Wednesday, June 10, 2009

How May I Serve - The American Red Cross and Quilts




I just drove passed it again; the American Red Cross billboard near the county fair grounds with the Red Cross Symbol and the words Equals Hope.

Every time I see the “Equals Hope” billboard, it takes me back to February 2007. My husband and I were on a trip – our first “big” trip together in years and through a series of interesting events, we wound up in a nearly deserted Puerto Rico airport in the middle of the night with about ten other people who, like us, had missed their connection. The next morning, in the same airport, waiting for “our ship to come in,” I spotted an American nun wearing the post Vatican II headgear and speaking fluent Spanish. I’m Catholic – a product of the parochial school system – we notice things like that. We would later learn, she was working with the Red Cross and was taking a plane load of novices to a remote island – some to teach and others to act as nurses. She was a person of action, living the message - the Red Cross equals hope.

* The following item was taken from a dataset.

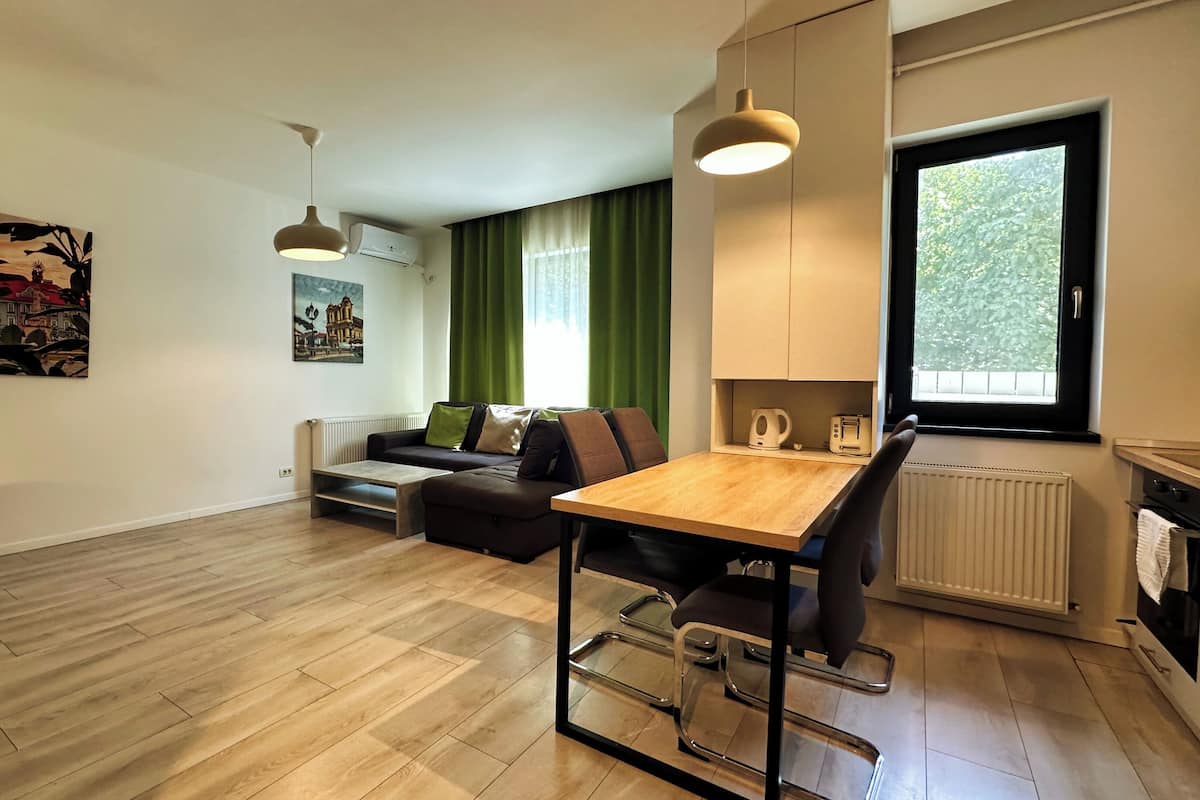 A modern living room with a wooden floor, a sofa, a dining table, and a kitchen area with a window.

My husband and I were coming home to Illinois, from this same trip in the aftermath of a nationwide ice storm which had caused some major delays for us in Miami. The storm had set about a chain reaction of events where we missed our successive flights, but we made it to O’Hare in the middle of the night – 1 ½ hours from home, but we had missed the connecting flight to take us that last leg home. . I am NOT complaining, this had been an amazing trip for us – one that I will cherish for a lifetime. After we landed at O’Hare that night and the plane was slowly making its’ way to our eventual departure ramp, I looked out my window and there between the rain and ice I spotted an American Red Cross airplane – my airport loving dad would have called it a cargo or a supply plane – getting ready to taxi - destination unknown. The Red Cross equals hope.



Have I shared that I randomly chose three vintage quilt history books to bring with me in my carry-on to read and one of those was a WWI pattern book which had a Red Cross Quilt in it with the instructions on how to create it?



To add more "wahoo" to this story, did I mention about a month after that trip this quilt top came to me?

Is it a quilt made to honor the American Red Cross? I’ll never know because there was no provenance with it, but I did feel like somebody was trying to tell me something – so I decided to read a little more about the American Red Cross and quilts! I began that journey by putting American Red Cross Quilts in the Google Search Engine and discovered quilts and the Red Cross have a long history together. If that is not enough to give you a fabric fix, check out the history of the Red Cross Uniforms themselves. Google Shirley Powers and Red Cross Uniforms.

Before I close the books on this day, I want to make one more comment. Does anyone else think the ARC “Equals Hope” billboards would make a nice center for a signature quilt – maybe even a fundraising quilt to benefit the American Red Cross efforts to help those who need it.
It could be the answer to "How May I Serve?"